Cisco: Memory disaggregation is perhaps the most exciting trend in computer system design today

Future of Hardware Blog Series – Blog #2

In my first blog in this three-part series, I discussed the rapid growth of key performance metrics on CPU/GPU cores, memory, network throughput, storage capacity, and peripheral interconnects. These numbers certainly speak to the breadth the IT industry is willing to bring to the problem of supporting the explosion of workloads and applications that we are experiencing with the widespread adoption of cloud technologies, mobile and social. In this second blog in this Future of Hardware series, I talk about how memory upgrades in high-performance computer design are changing the game today.

Simply pouring more resources into difficult and complex challenges willy-nilly can often be an ineffective solution. If resources are not used intelligently and efficiently, it can lead to a lot of waste and excess. A relevant example is internal storage in computer systems. From the early days of computer system design, it was obvious that built-in storage was a required component. It made sense – computers and their applications generate a lot of data, and it has to be stored and retrieved somewhere, right? It would make sense that the best place to host the storage would be as close as possible to the apps themselves. Technological upgrades in high performance computing have certainly been a necessary addition.

But not all computer systems (whether it’s a server or a laptop) are built and used the same. Thus, in an environment with multiple computing systems, for example, a rack or a data center, there was a natural variation in internal storage usage from host to host. Some hosts were running hot and needed storage capacity upgrades. For other hosts, storage use was fallow like a wheat field during the coldest winters. In this case, one of the best solutions was to disaggregate the storage into external pools of disks and arrays, which led to a boom in external storage innovation by hard disk array drives like EMC and NetApp, and later by a number of flash/SSD array vendors. as Pure Storage. Additionally, storage pooling and sharing required other innovations such as intelligent partitioning, snapshotting, and RAID striping. Shared external storage has also simplified data backups and disaster recovery/business continuity, among many other benefits.

The reverse side of disintegrating memory

What if we could do the same with computer memory decoupling to solve the complexities of high-performance computing? As with internal storage, it has always been taken for granted in computer system design that memory should be tightly coupled to CPU architectures. Look at any computer motherboard and you’ll see just how much processors and memory chips tend to take up – of course, this also applies to the systems needed to power the processors and memory chips. This approach has logically impacted the way CPUs (and GPUs) should be designed and installed. It also had an impact on how applications were to be developed and operated.[Link]

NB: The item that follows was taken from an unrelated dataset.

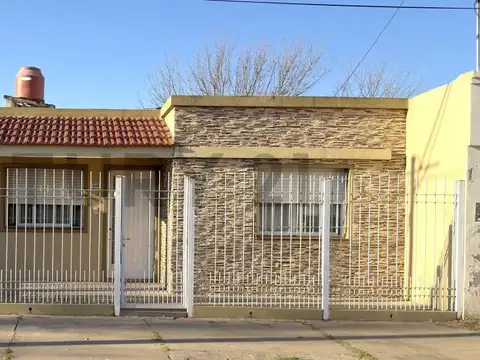 Luminosa y cómoda propiedad en excelente ubicación - Venado Tuerto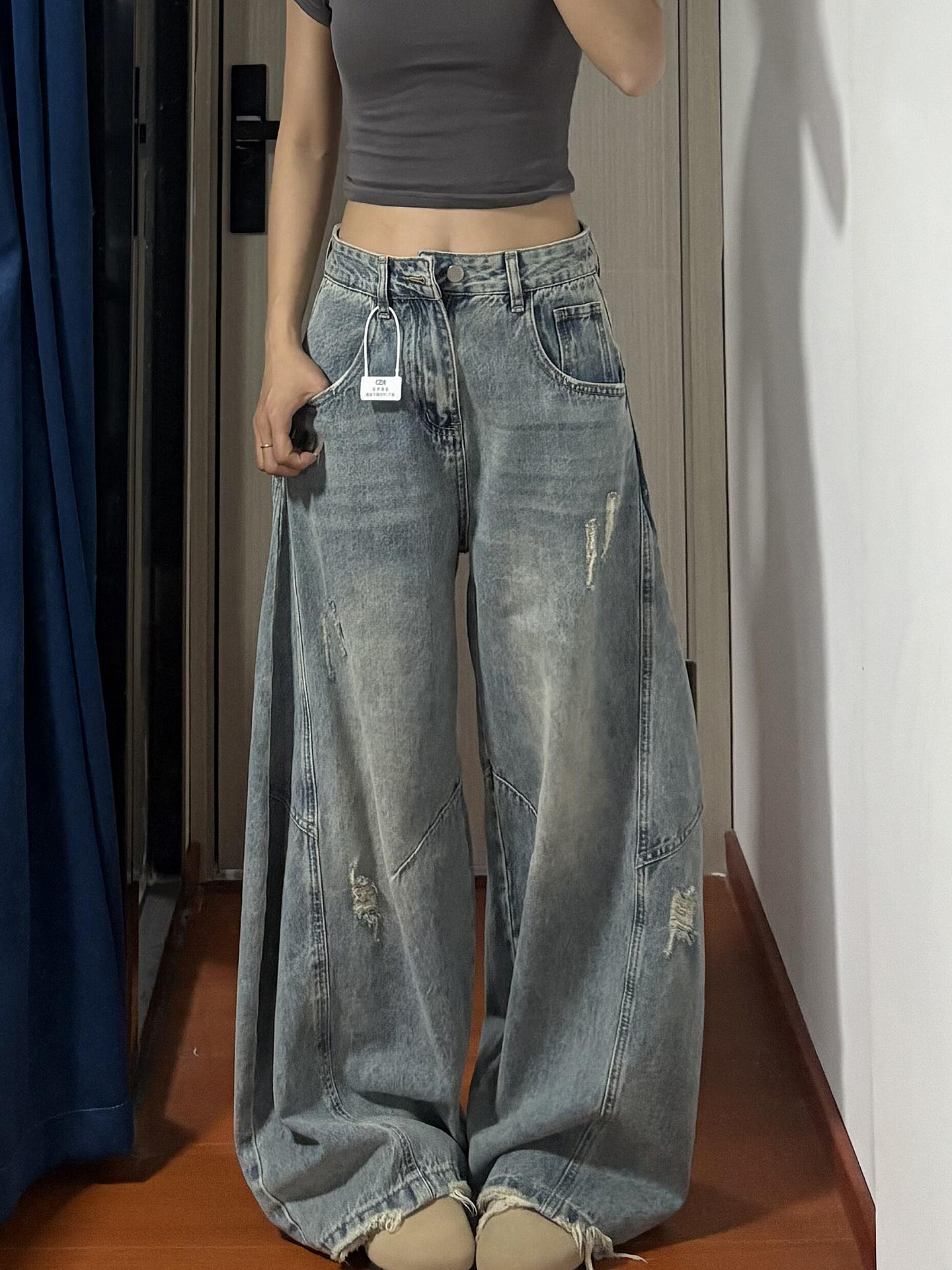 American Retro Curved Blade Wide-Leg Jeans for Men & Women, Loose Deconstructed Design, Washed Distressed Floor-Length Pants American Retro Curved Blade Wide-Leg Jeans for Men & Women, Loose Deconstructed Design, Washed Distressed Floor-Length Pants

But change is on the way. Over the next three to five years, I see an acceleration of memory decoupling from computer systems. And as in the storage example, this memory can be pooled and shared not just by the CPUs/GPUs of a single host, but by many. Also, it will lead to new innovations and approaches in how memory can be used (e.g. memory prioritization). This approach will also address some important shortcomings of the current compute system design with respect to internally attached memory:

  • Compute and memory requirements no longer need to be pre-provisioned, which tends to consume several terabytes just to accommodate growth.

  • Like internal storage, memory usage can vary from host to host, leaving some servers with lots of unused onboard memory that no other system can access.

  • The onboard memory and its supporting components (power, cooling, and electricity) took up valuable space that could otherwise be allocated to other use cases, such as more processing power.

You can easily imagine how avoiding these system design restrictions can eliminate many of the current complexities and limitations of computational operations. A logical result could be more compute-intensive and operationally efficient systems – think fewer physical servers that can support even more workloads and applications than is possible today. Also imagine new ways to scale disaggregated memory – using hot-swappable, pluggable DIMMs, for example, that will free up blades and motherboards for more processing, power and cooling.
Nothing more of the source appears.